Which std functions are available/work without calling main()

Given some code which is being called as an extension from some other language runtime, what library functions are expected to work as documented? That is, main is in some other language, and the first call to Rust is well after the initial process startup.

Specifically, it looks like std::env::args returns nothing if Rust’s main hasn’t been called. Is that expected? Is there any documentation to that effect?

What other functions change behaviour when used this way?

2 Likes

I would look to rust’s startup code to see things which happen before main().

So the stack guard is another – though at least on Linux, you’ll still have the OS guard, but it will look like a raw SIGSEGV on overflow. You’ll also miss the Thread init, which mostly just means that std::thread::current().name() will be None. I think both of these are also true of threads created outside of std::thread, e.g. with direct pthread_create.

3 Likes

Windows doesn’t actually use main() to gather its arguments, so it’ll actually work fine on there.

Unfortunately, Linux literally provides your command-line parameters as arguments to your main function. I’m not sure if it’s possible to get them any other way short of trawling /proc, which would be way slower than Windows’s single syscall.

1 Like

Would it be reasonable to add public functions to initialize and tear down the standard library, for use when main is not written in Rust? The initializer could take the C argv as an argument.

When using /proc using eg:

$ cat /proc/self/cmdline

the kernel will read the arguments from the position on the stack they are normally placed.

It’s also possible to find argc/argv from the “_dl_argc”/"_dl_argv" symbols.

Rust’s standard library should not require “special” initialization in order to be happy with getting called as a library; down that path lies languages with runtimes.

The thread name doesn’t seem like a problem at all; even threads spawned by Rust don’t have names by default.

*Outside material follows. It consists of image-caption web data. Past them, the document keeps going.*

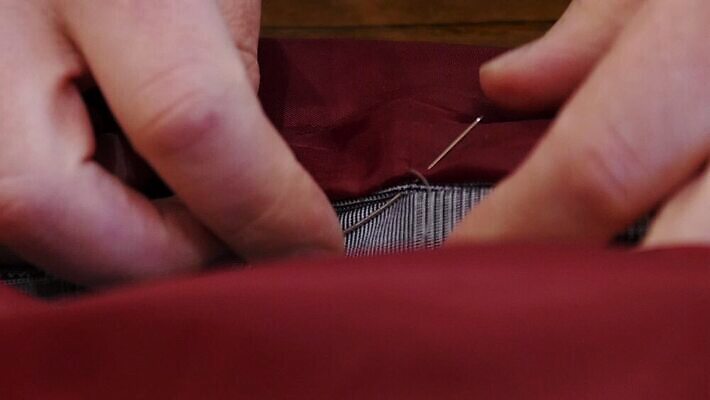 전통 손 옷 셔츠 손가락 한명 사람 빛 유행 기계 이탈리아 장비 직물 업무 바늘 실 수리 제조 바느질 천 묘사 땀 만들기 실타래 자수 걸레 수공예 재단 재단사 솜씨 커터 하수 MP4 해외동영상 클립영상 직업 1 유럽 상의 모션 신체부위 물 도구 작업 공예 청소도구 동영상 파일형식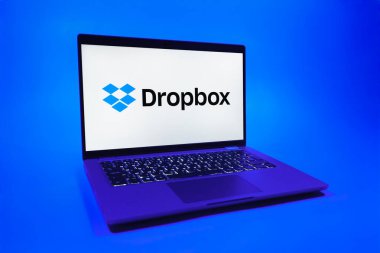Prag, Çek Cumhuriyeti - 08 01 2025: Tek tip arka planda bir dizüstü bilgisayar Dropbox logosunu gösterir. Dropbox bulut depolama ve dosya paylaşımı için bir platformdur.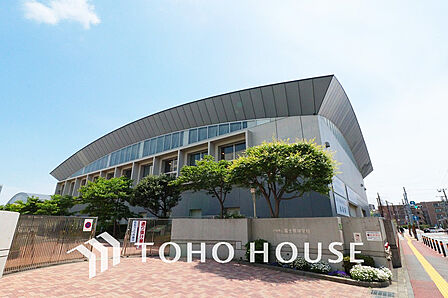 川崎市立富士見中学校 距離1400m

On some platforms we can potentially get arguments after the program starts, and on others we can’t; as long as we don’t crash on any platform, that seems fine. Having a function to set the arguments won’t work on all platforms (if you want the concept of changed arguments to apply to code not written in Rust). This doesn’t seem like a problem to me; if you want to handle arguments, you need to get them from the code implementing main(), even if written in another language. Perhaps we should have a convenient way of constructing an Args that way.

Regarding the stack guard initialization: as far as I can tell, that only exists to set up a signal handler to handle stack overflow and produce a friendlier error message. That’s a rather unexpected behavior, and programs that expect to handle SIGSEGV (or platform equivalent) themselves may find it surprising. I’d argue that we should document that better than we do, and ideally not do that by default. Could we have a compile-time option to select that behavior?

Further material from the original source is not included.